Lc 18,1-8
Questo Vangelo afferma la necessità di pregare sempre senza stancarsi e, per chiarire meglio il concetto, ci mostra l’insistenza nel domandare giustizia da parte della vedova che ha davanti a sé un giudice iniquo.
Il testo offre l’opportunità di riflettere sul nostro modo di intendere la preghiera. È purtroppo diffusa l’idea che è utile pregare ma che per farlo servirebbe tempo e il tempo non c’è mai.
O, meglio, crediamo nell’importanza della preghiera ma preferiamo agire, perché così ci sentiamo “protagonisti”, e pensiamo che per risolvere le cose bisogna darsi da fare, correre, intraprendere. Insomma, ci affidiamo più all’efficacia dell’azione che a quella della preghiera. Se dovessimo scegliere tra agire e pregare sceglieremmo l’azione. Diciamoci con franchezza che questo modo di pensare e agire è sbagliato. Come pure è sbagliato ricorrere alla preghiera solo dopo avere sperimentato l’inefficacia delle nostre azioni.
È urgente recuperare il senso della preghiera, che si manifesta concretamente nel pregare sempre. Chi ha anche una piccola esperienza di preghiera avrà sicuramente constatato che essa è così efficace da indurci e scegliere di pregare prima di agire, prima di operare.
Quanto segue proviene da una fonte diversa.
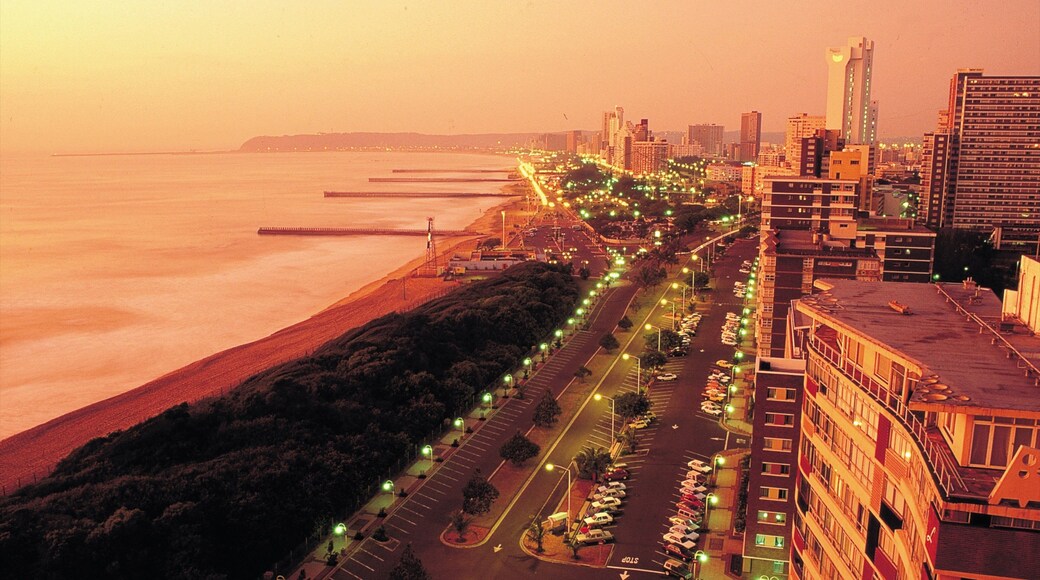 Durban showing a city, a high rise building and general coastal views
Ciò vale anche in ambito lavorativo: è comune l’idea che per vincere anche la concorrenza si debba lavorare molto, essere innovativi, competenti. Il lavoro è vissuto come una realtà che non ha bisogno della nostra preghiera.
Ma le cose stanno esattamente al contrario: il lavoro richiede la nostra preghiera. Con essa il nostro cuore rimane correttamente orientato e ci permette di vivere nella giustizia, di scegliere stili di vita coerenti, di cogliere il significato autentico del lavoro. Siamo ancora capaci di trovare il tempo per pregare?